12. Further Assurances. Each party hereto shall cooperate with each other party, shall do and perform or cause to be done and performed all further acts and things, and shall execute and deliver all other agreements, certificates, instruments, and documents as any other party hereto reasonably may request in order to carry out the intent and accomplish the purposes of this Agreement and the Plan.
13. Entire Agreement. This Agreement and the Plan together set forth the entire agreement and understanding between the parties as to the subject matter hereof and supersede all prior oral and written and all contemporaneous or subsequent oral discussions, agreements and understandings of any kind or nature.
14. Successors and Assigns. The provisions of this Agreement will inure to the benefit of, and be binding on, the Company and its successors and assigns and Participant and Participant’s legal representatives, heirs, legatees, distributees, assigns and transferees by operation of law, whether or not any such person will have become a party to this Agreement and agreed in writing to join herein and be bound by the terms and conditions hereof.
15. Section 409A Compliance. Notwithstanding anything in this Agreement to the contrary: (a) a termination of employment shall not be deemed to have occurred for purposes of settlement of any portion of the Award upon or following a termination of employment unless such termination is also a “separation from service” within the meaning of Section 409A of the Code and, for purposes of any such provision of this Agreement, references to a “termination,” “termination of employment” or like terms shall mean “separation from service;” and (b) if Participant is deemed on the date of termination to be a “specified employee” within the meaning of that term under Section 409A(a)(2)(B) of the Code, then with regard to the settlement of any portion of the Award that is considered deferred compensation under Section 409A of the Code payable on account of a “separation from service” that is not exempt from Section 409A of the Code as involuntary separation pay or a short-term deferral (or otherwise), such settlement shall occur on the date which is the earlier of (i) the expiration of the six-month period measured from the date of such “separation from service” of the Participant, and (ii) the date of Participant’s death.
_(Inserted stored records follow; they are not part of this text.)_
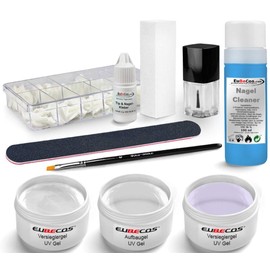 EuBeCos UV Gel Starter Set Plus Bonding Gel Builder Gel Finish Cleaner Tips Glue and Instructions Made in Germany in Professional Studio Quality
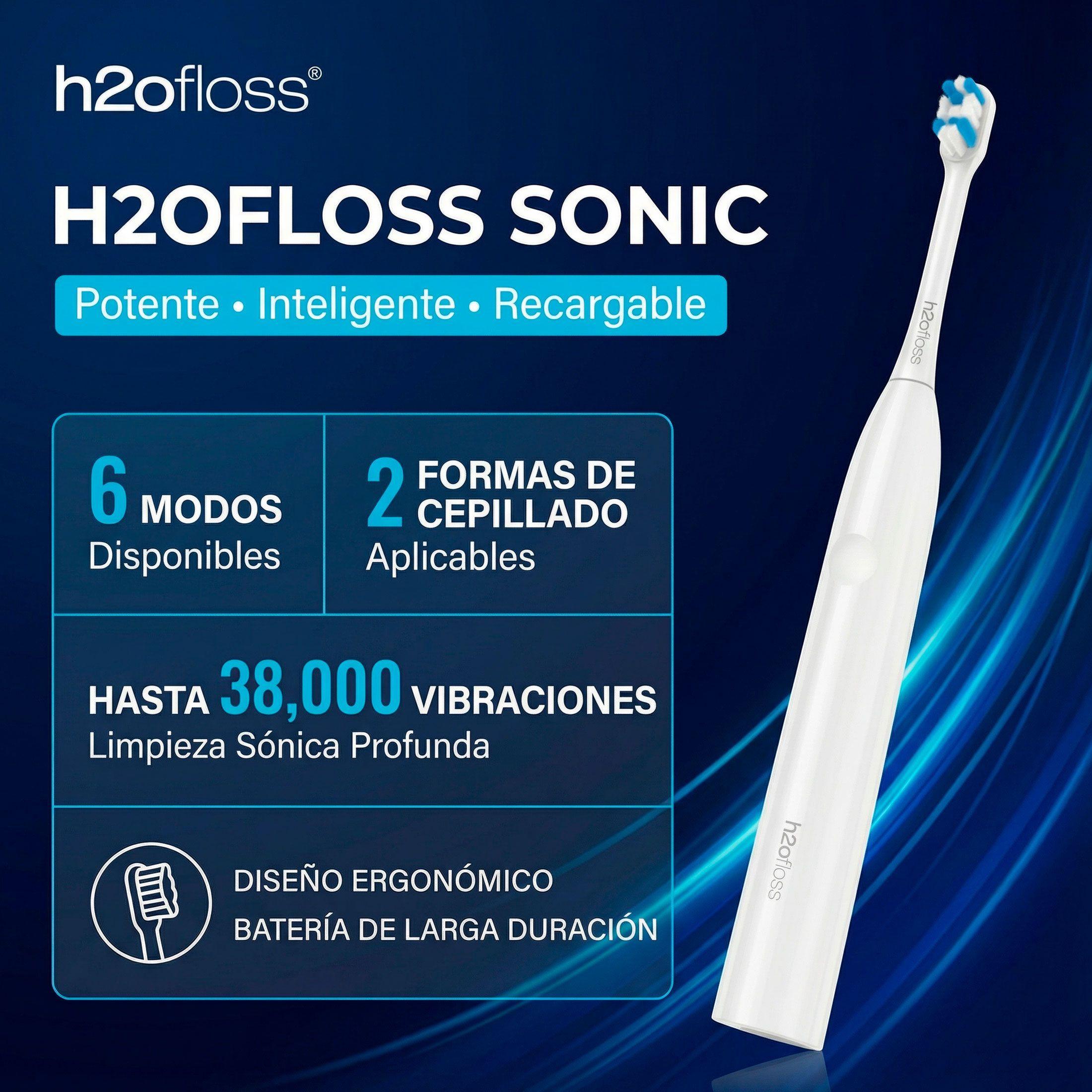 Cepillo De Dientes El ctrico S nico H2ofloss Color Blanco-4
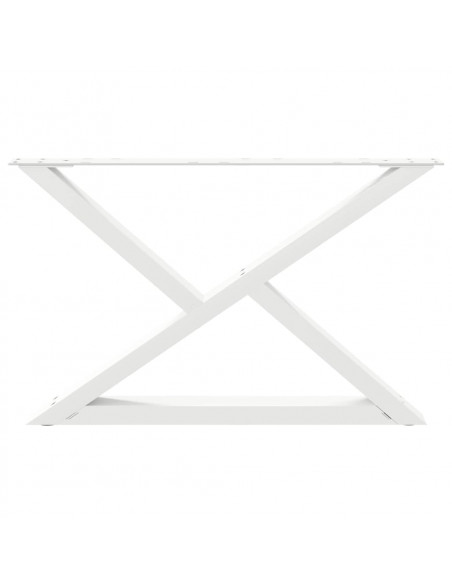Gambe per Tavolino 2 pz Bianco 70x(42-43,3) cm in Acciaio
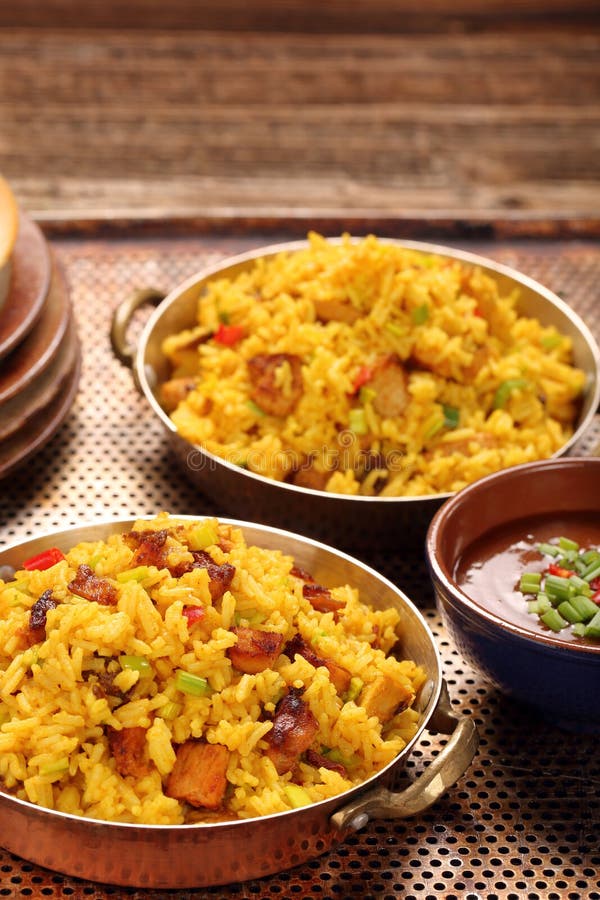 Chicken with Basmati Rice Fried in Stainless Pan Stock Image Image of dish, basmati 86051229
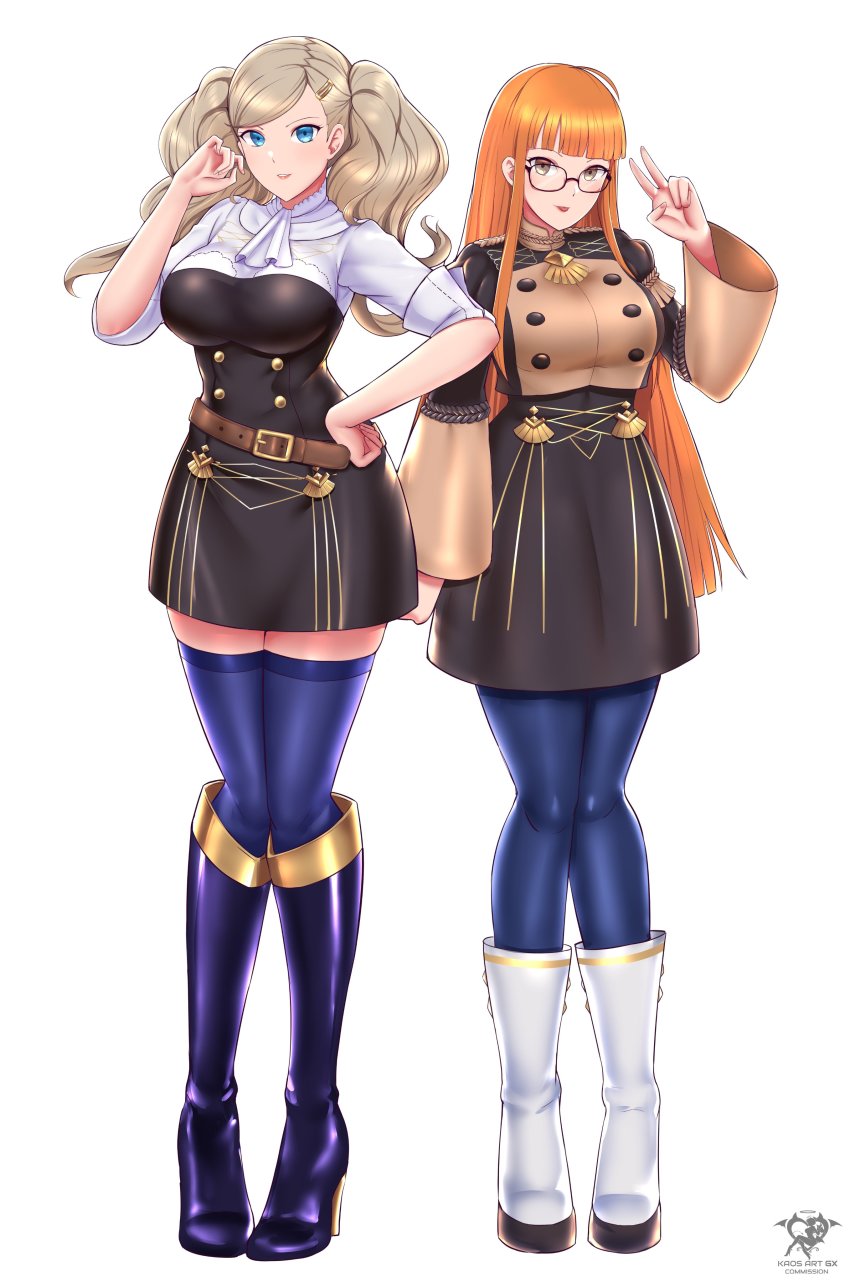 2girls, absurdres, alternate_breast_size, artist_logo, artist_name, belt, black_dress, blonde_hair, blue_eyes, blue_pantyhose, blue_thighhighs, boots, cosplay, dress, epaulettes, female_focus, fire_emblem, fire_emblem:_three_houses, full_body, garreg_mach_monastery_uniform, glasses, gold_trim, high_heels, highres, hilda_valentine_goneril, hilda_valentine_goneril_(cosplay), kaos_art, logo, looking_at_viewer, lysithea_von_ordelia, lysithea_von_ordelia_(cosplay), multiple_girls, nintendo, orange_hair, pantyhose, persona, persona_5, sakura_futaba, standing, takamaki_anne, thighhighs, tongue, tongue_out, v, voice_actor_connection, yellow_eyes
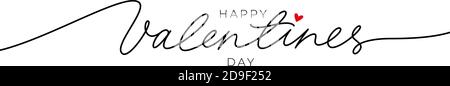 Happy Valentines day hand drawn vector calligraphy Stock Vector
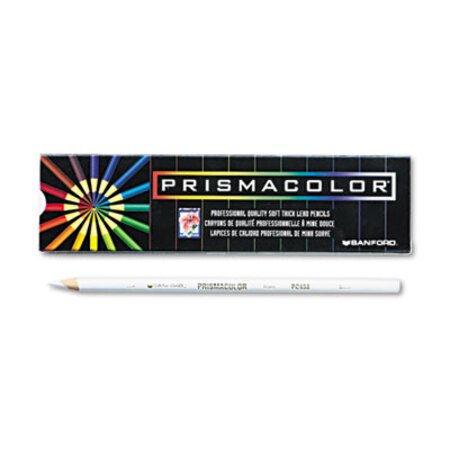 Prismacolor® Premier Colored Pencil, 3 mm, 2B (#1), White Lead, White Barrel, Dozen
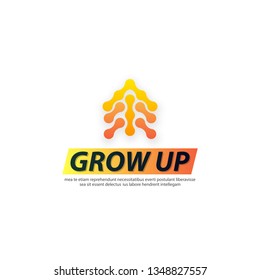 Green growth up arrow element icons business logo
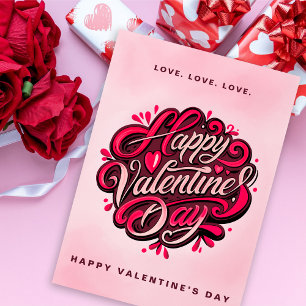 Customisable Happy Valentine's Day Greeting Holiday Card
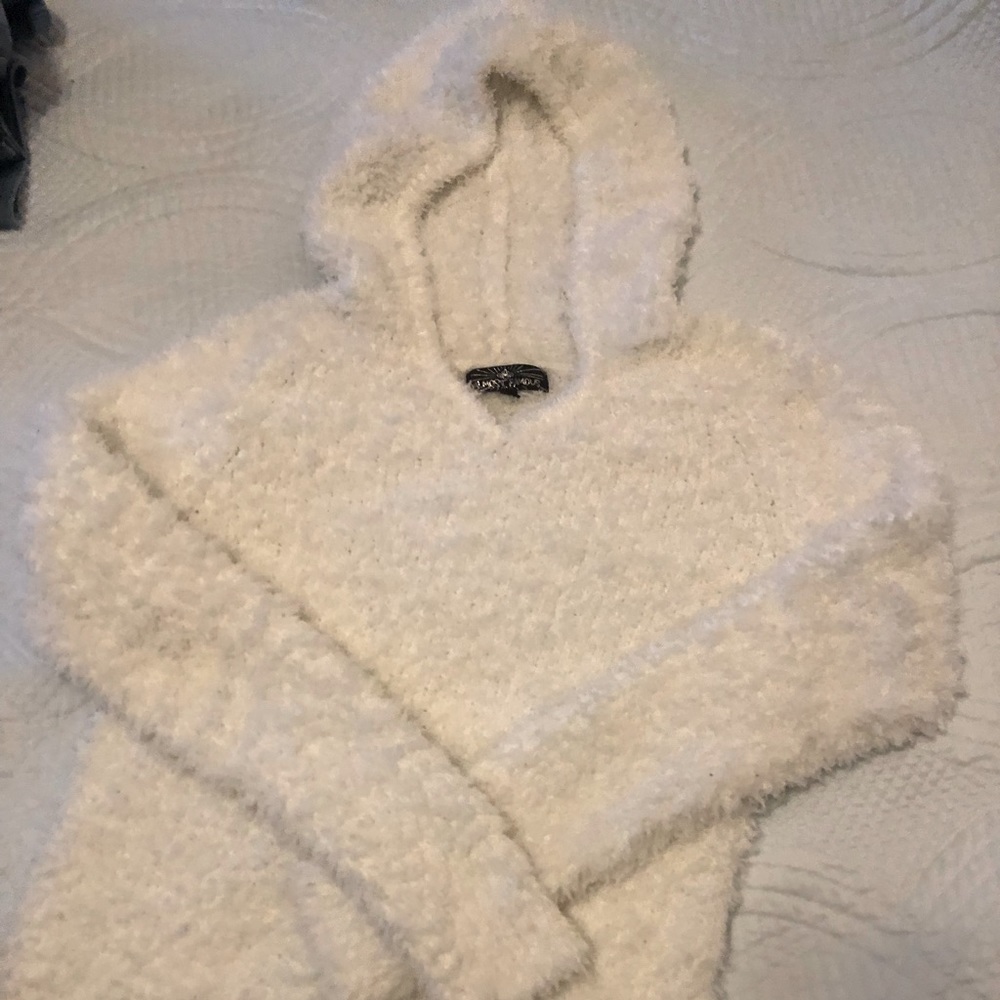 Gorgeous fuzzy hooded sweater brand is Almost Famous in size L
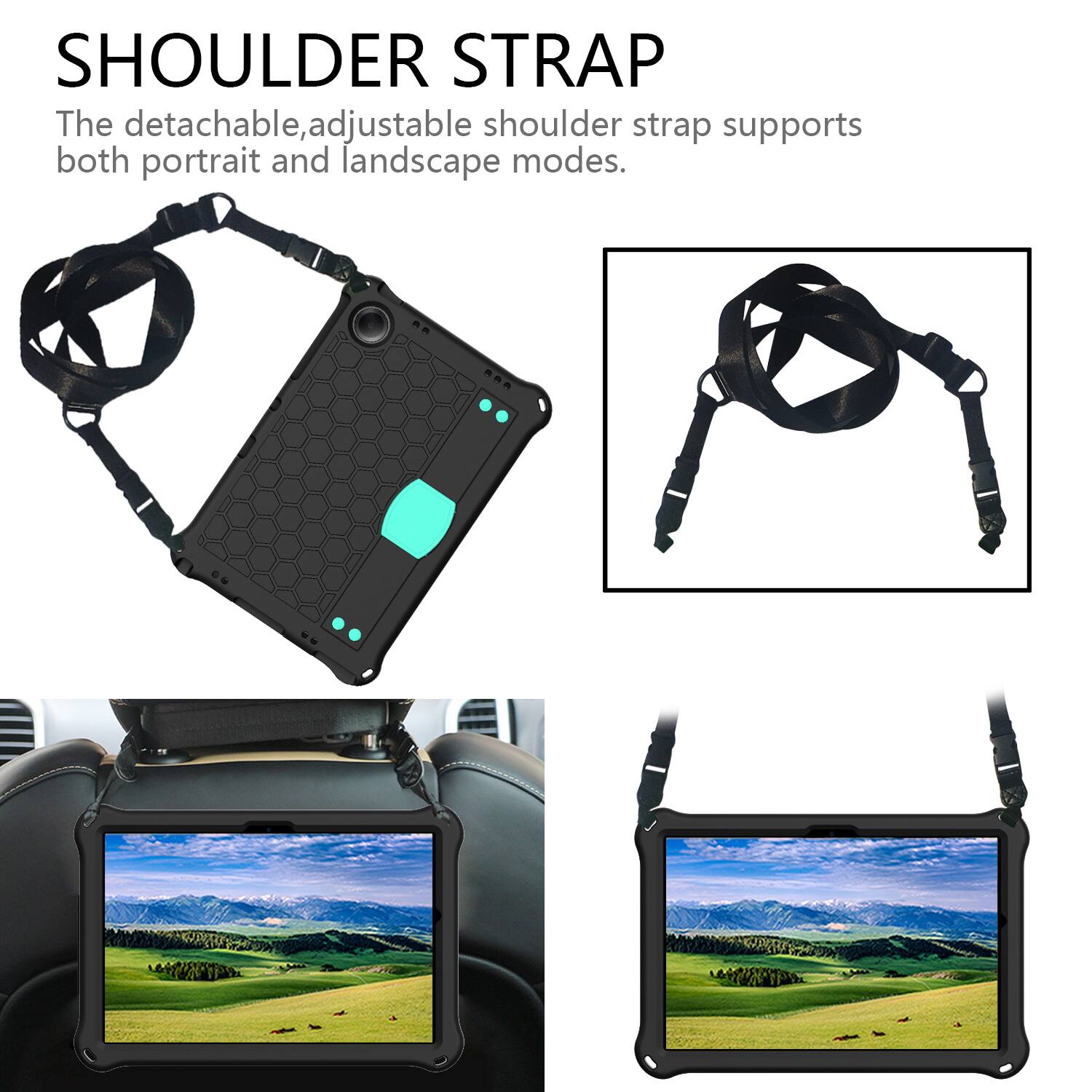 SHOULDER STRAP

The detachable, adjustable shoulder strap supports both portrait and landscape modes.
16. Electronic Delivery. The Company may, in its sole discretion, decide to deliver any documents related to any awards granted under the Plan by electronic means or to request Participant’s consent to participate in the Plan by electronic means. Participant hereby consents to receive such documents by electronic delivery and, if requested, to agree to participate in the Plan through an on-line or electronic system established and maintained by the Company or another third party designated by the Company, and such consent shall remain in effect throughout Participant’s term of service with the Company and thereafter until withdrawn in writing by Participant.
[signature page follows]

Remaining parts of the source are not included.